Oil tank removal, for in-basement tank, commonly around $1000 assuming the filler tube is also removed and the hole in foundation closed up - generally BAD idea to leave the filler pipe in place not only because there have been all too many cases of oil delivery men "filling" a tank that is no longerthere, but also because buyers seeing tht on the inspection report have to assume possible soil contamination also - so best to get all the piping removed and any contaminated soil cleaned up at same time.

If outside tank, all the more important to get it ALL removed AND get a soil contamination certification report from licensed petroleum tank removal firm - certifying the tank and all associated piping has been removed and that the soil around them has been tested and meets state cleanup standards. (which can run from $1000 range, occasionally less, to hundreds of thousands depending on how much leakage and spillage there has been over the years - I have seen everything from about 10-20# soil removal right around the filler tube/cap, so over an estimated 20,000 gallons reaching several houses ove many decades, and costing $1/4 million to clean up to state acceptance.

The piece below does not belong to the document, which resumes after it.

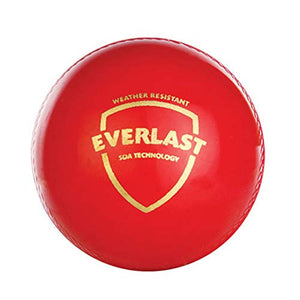 SG Everlast Leather Cricket Ball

When you say combi boiler system that means you intend to be still using the same baseboard heating loops, just combining domestic hot water and baseboard heating into one commonly 60-100 gallon tank (with much more complex piping for the different temperature domestic and baseboard loop demands) coming off one boiler (which is commonly the same or similar but slightly larger capacity sometimes to the one you would have had for the baseboard heating only).

Cost depends on:

availability of natural gas already / cost of new gas service installation (commonly $1000 range but can be as high as $5000+ in some areas for a new service),

available room for installation (usually no problem if boiler and water heater are currently side by side, though platform if required - like in a garage - usually needs to be beefed up for the larger hot water storage tank),

whether you are converting your existing boiler to natural gas or getting a brand new one,

whether flue will (if going with new gravity flue boiler) needs reduction in size with new liner because it will not only have one appliance rather than two on it,

etc - but the following links to previous similar and related questions with answers should go a long ways to answering your questions. One of the first decisions will be whether you go with standard or high efficiency boiler - can make a 50-100% difference in the installed boiler cost. And certainly, since you are (unless reusing existing boiler) likely looking at $5,000-10,000 range or possibly even more all told, you will want to develop a scope of work (maybe after first talking to a few HVAC vendors on-site about possibilities and after they take job info (but hold them off on bidding until you provide the definitive scope of work parameters like acceptable brands, efficiency wanted, standard efficiency gravity flue or high-efficiency condensing direct vented, total BTU rating, etc.).